--- Task instructions ---
Give back only the lines in the records below from the one with "CLASE A 250 e con tecnología híbrida EQ" to the one with "1302 LYDIA DRIVE Deltona, FL 32725", both inclusive, word for word.
Start of Stored data
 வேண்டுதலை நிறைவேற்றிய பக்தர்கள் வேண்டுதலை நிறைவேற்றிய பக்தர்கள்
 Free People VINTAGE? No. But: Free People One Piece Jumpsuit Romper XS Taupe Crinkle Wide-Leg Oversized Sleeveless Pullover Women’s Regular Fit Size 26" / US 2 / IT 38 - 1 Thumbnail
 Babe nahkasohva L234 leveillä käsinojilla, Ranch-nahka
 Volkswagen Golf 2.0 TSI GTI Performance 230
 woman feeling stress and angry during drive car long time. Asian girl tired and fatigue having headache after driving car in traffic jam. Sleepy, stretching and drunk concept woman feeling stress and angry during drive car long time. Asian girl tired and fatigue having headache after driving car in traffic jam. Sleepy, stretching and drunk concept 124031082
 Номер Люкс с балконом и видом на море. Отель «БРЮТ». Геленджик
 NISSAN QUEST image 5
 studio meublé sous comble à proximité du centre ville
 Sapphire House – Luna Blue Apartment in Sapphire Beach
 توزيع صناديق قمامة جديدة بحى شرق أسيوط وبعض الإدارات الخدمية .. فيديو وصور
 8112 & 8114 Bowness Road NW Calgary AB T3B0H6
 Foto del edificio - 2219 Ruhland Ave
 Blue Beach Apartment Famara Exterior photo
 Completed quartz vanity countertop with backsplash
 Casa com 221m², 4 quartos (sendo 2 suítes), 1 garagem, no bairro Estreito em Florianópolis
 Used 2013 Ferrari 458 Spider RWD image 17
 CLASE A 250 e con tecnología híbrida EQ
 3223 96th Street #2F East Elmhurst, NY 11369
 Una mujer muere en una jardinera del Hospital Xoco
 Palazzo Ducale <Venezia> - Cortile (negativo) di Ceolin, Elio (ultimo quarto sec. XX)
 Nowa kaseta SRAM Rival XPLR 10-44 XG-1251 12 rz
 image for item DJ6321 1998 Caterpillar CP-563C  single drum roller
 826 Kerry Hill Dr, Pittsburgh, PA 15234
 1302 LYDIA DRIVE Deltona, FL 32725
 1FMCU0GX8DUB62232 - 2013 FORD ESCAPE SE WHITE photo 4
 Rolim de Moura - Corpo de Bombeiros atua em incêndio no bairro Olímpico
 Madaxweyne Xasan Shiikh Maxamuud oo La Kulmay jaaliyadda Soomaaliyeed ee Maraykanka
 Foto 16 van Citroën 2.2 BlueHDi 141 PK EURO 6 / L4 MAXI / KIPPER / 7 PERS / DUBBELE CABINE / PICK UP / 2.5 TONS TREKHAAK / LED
End of Stored data
--- Answer section ---
 CLASE A 250 e con tecnología híbrida EQ
 3223 96th Street #2F East Elmhurst, NY 11369
 Una mujer muere en una jardinera del Hospital Xoco
 Palazzo Ducale <Venezia> - Cortile (negativo) di Ceolin, Elio (ultimo quarto sec. XX)
 Nowa kaseta SRAM Rival XPLR 10-44 XG-1251 12 rz
 image for item DJ6321 1998 Caterpillar CP-563C  single drum roller
 826 Kerry Hill Dr, Pittsburgh, PA 15234
 1302 LYDIA DRIVE Deltona, FL 32725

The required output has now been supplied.